- Material for this task -
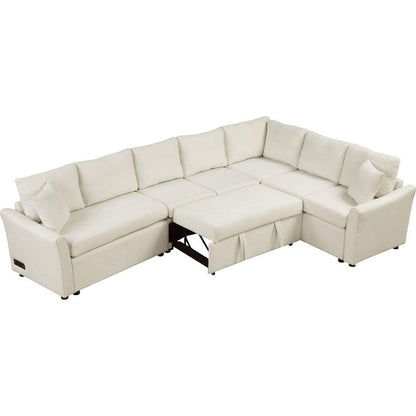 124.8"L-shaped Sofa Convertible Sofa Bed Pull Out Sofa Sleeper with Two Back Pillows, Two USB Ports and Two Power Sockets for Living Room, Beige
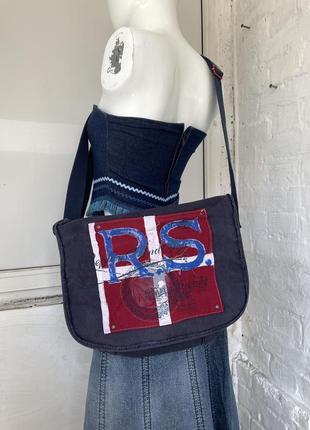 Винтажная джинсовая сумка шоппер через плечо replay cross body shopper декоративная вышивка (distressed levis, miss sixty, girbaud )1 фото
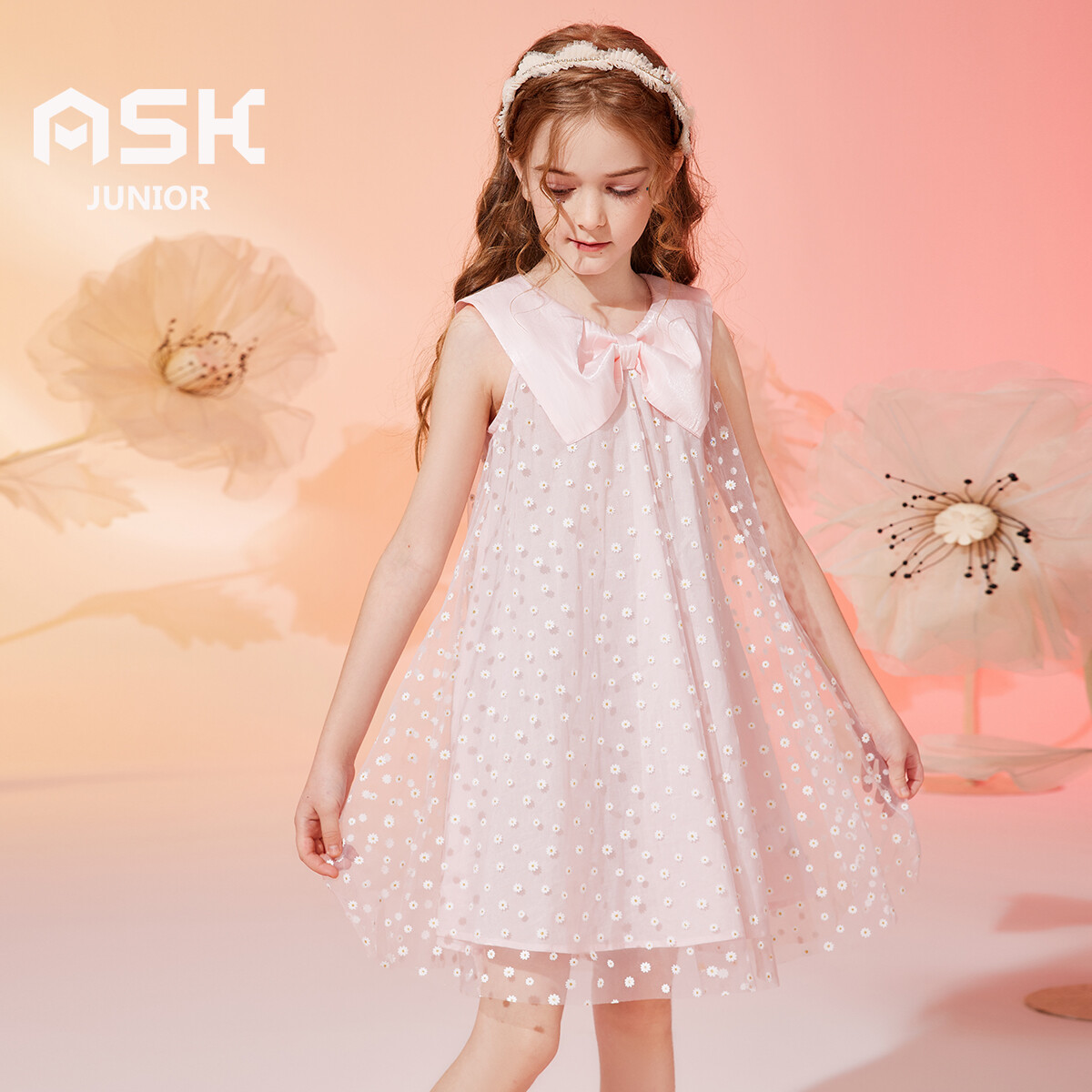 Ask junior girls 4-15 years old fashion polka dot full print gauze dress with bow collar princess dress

...

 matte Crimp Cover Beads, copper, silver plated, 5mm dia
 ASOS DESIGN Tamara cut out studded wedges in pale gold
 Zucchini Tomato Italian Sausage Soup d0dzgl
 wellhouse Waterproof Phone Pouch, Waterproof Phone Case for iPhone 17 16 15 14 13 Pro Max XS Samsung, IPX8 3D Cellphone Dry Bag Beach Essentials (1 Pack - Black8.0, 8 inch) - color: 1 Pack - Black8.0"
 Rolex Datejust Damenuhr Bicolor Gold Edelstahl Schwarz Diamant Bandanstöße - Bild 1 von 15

==

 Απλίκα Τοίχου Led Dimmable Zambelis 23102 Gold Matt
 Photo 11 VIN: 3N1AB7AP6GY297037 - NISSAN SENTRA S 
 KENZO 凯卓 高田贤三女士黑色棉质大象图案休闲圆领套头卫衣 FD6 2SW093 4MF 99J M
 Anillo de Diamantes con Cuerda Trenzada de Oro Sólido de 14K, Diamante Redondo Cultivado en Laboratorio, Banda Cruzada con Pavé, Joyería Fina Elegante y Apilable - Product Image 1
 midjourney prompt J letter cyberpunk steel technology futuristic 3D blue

- What you are asked to do -
Give back exactly, and solely, the section of the data above bounded by the line containing "Living Room, Beige" and the line containing "Ask junior girls", both bounding lines included and pictures omitted.

- Response below -
 124.8"L-shaped Sofa Convertible Sofa Bed Pull Out Sofa Sleeper with Two Back Pillows, Two USB Ports and Two Power Sockets for Living Room, Beige
 Винтажная джинсовая сумка шоппер через плечо replay cross body shopper декоративная вышивка (distressed levis, miss sixty, girbaud )1 фото
 Ask junior girls 4-15 years old fashion polka dot full print gauze dress with bow collar princess dress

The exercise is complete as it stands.